Overwriting hashsideinnerjoin_52.py


In [5]:
%reload_ext autoreload
%autoreload 2
from hashsideinnerjoin_52 import innerjoin
import os

# Passing Hadoop Streaming parameters to:
# partition by leftmost part of composite key
# secodary sort by rightmost part of the same composite key

mr_job = innerjoin(args=['anonymous-msweb.data.pp', 
                        '--file', 'url.txt'])

output_file = "output_hw52_inner.txt"
try:
    os.remove(output_file)
except OSError:
    pass

with mr_job.make_runner() as runner, open(output_file, 'a') as f: 
    runner.run()
    count = 0
    # stream_output: get access of the output 
    for line in runner.stream_output():
        #print mr_job.parse_output_line(line)
        f.write(str(line))
        count += 1
print "\n"
print "There are %s records for inner join" %count





There are 98654 records for inner join


In [6]:
!echo "Number of results:"
!wc -l < output_hw52_inner.txt
!echo "-----"
!echo "first 10 rows"
!echo "page_id [url, user]"
!head -10 output_hw52_inner.txt

Number of results:
   98654
-----
first 10 rows
page_id [url, user]
"1000"	["/regwiz", "10001"]
"1001"	["/support", "10001"]
"1002"	["/athome", "10001"]
"1001"	["/support", "10002"]
"1003"	["/kb", "10002"]
"1001"	["/support", "10003"]
"1003"	["/kb", "10003"]
"1004"	["/search", "10003"]
"1005"	["/norge", "10004"]
"1006"	["/misc", "10005"]


## HashSideLeftJoin

In [13]:
%%writefile hashsideleftjoin_52.py
#!/usr/bin/python
## hashsideleftjoin_52.py
## Author: Angela Gunn & Jing Xu 
## Description:Left Join

from mrjob.job import MRJob
from mrjob.step import MRJobStep
from mrjob.compat import get_jobconf_value
import csv

def csv_readline(line):
    for row in csv.reader([line]):
        return row

class leftjoin(MRJob):
    
    def steps(self):
        return [MRJobStep(mapper_init = self.mapper_init,
                         mapper = self.mapper, mapper_final = self.mapper_final)]
    
    def mapper_init(self):
        self.urls = {} #initialize urls library
         
        with open('url.txt') as f:
            for line in f: 
                cell = csv_readline(line)
                self.urls[cell[1]] = [cell[4],[]] #url, list of visitors

    def mapper(self, _, line):
        #these are the logs
        cell = csv_readline(line)
        key = cell[1]
        self.urls[key][1].append(cell[3])
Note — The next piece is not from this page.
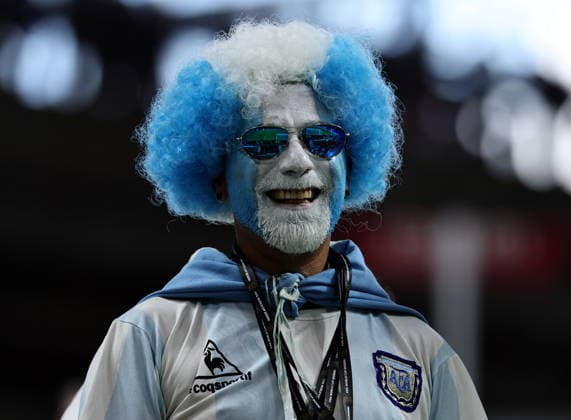 FIFA World Cup, WM, Weltmeisterschaft, Fussball 2026 semifinals - England vs Argentina epaselect Fan of Argentina ahead of the FIFA World Cup 2026 semifinals match England against Argentina, in Atlanta, USA, 15 July 2026. ATLANTA United States  Copyright: xRONALDxWITTEKx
    def mapper_final(self):
        for key, values in self.urls.iteritems():
            url = values[0]
            if len(values[1]) > 0:
                for u in values[1]: yield key, (url, u)
            else:
                yield key, (url, "NONE")

if __name__ == '__main__':
    leftjoin.run()

Overwriting hashsideleftjoin_52.py


In [14]:
!chmod a+x hashsideleftjoin_52.py

In [15]:
%reload_ext autoreload
%autoreload 2
# Running mrjob using a Hadoop Runner in local cluster
from hashsideleftjoin_52 import leftjoin
import os

# Passing Hadoop Streaming parameters to:
# partition by leftmost part of composite key
# secodary sort by rightmost part of the same composite key

mr_job = leftjoin(args=['anonymous-msweb.data.pp', 
                        '--file', 'url.txt'])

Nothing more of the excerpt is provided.